From: Glenn Adams <glenn@skynav.com>
Date: Mon, 16 Jan 2012 13:54:21 -0700
To: Boris Zbarsky <bzbarsky@mit.edu>
Cc: "Kang-Hao (Kenny) Lu" <kennyluck@csail.mit.edu>, WWW Style <www-style@w3.org>
Message-ID: <CACQ=j+e+2sAQUG5oRC2Ta4pS3J+BF63gBZnqVU3F5froSJj=5w@mail.gmail.com>

On Mon, Jan 16, 2012 at 1:39 PM, Boris Zbarsky <bzbarsky@mit.edu> wrote:

> On 1/16/12 3:06 PM, Glenn Adams wrote:
>
>> (2) script that naively assumes codepoint = character, and inadvertently
>> separates surrogate pair elements;
>>
>
> This is most script.
>
>  regarding (2), my position is that the implementation should be
>> conservative and not liberal when allowing script to set certain
>> property values whose underlying semantics imply a well-formed UTF-16
>> string; so, yes, were I implementing this, I would throw an exception
>> when a script attempts to set a DOMString typed property to a JS String
>> that contains an isolated surrogate codepoint; or at least I would do
>> this by default, and only depart from this default in certain
>> circumscribed cases;
>>
>
> And my point is that since pretty much every script handles surrogate
> pairs wrong throwing would just penalize users who try to use non-BMP
> characters with such scripts.  It would particular penalize users whose
> languages are written with non-BMP characters.
>
> Maybe you think it's OK to screw such users over.  I don't.

Boris, why do you use language like this? It is not conducive to a
technical dialog.

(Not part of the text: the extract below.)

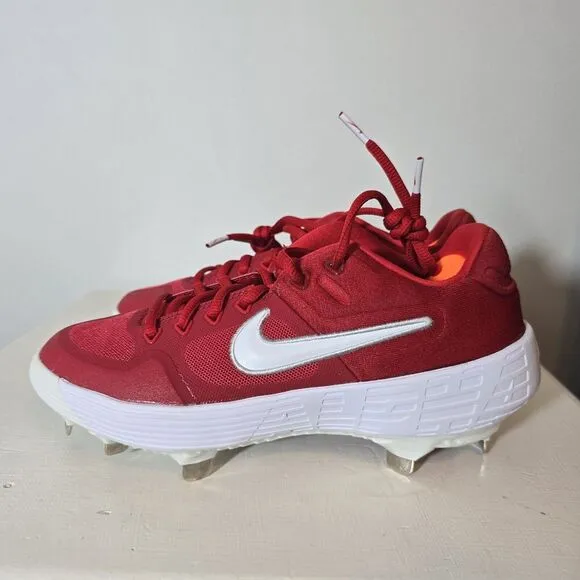 New Nike Alpha Huarache Elite‎ 2 Low Red White Baseball Cleats Sz 5.5 AJ6873 601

As one of the authors of Unicode, I find it rather ironic
to be accused in this manner.

> Especially in situations in which the "correct" rendering is obvious (e.g.
> every single codepoint wrapped in its own span, but all have the same
> style: you just render the text as a single text string with that style).

>  this is my answer to your question "what the best way to limit damage
>> from the lack of understanding on script authors' part is"
>>
>
> I think you and I have different definitions of "damage" here.

Apparently. I view the damage of proliferating non-well formed content, and
thus non-interoperable content, and the damage of proliferating potential
security holes to be of greater consequence than requiring script authors
to address the consequences of working with non-BMP characters encoded in
UTF-16. In other words, I conclude just the opposite, that users of non-BMP
characters are penalized *more* by implementations that munge surrogate
pairs than implementations that enforce correct handling.

Received on Monday, 16 January 2012 20:55:15 UTC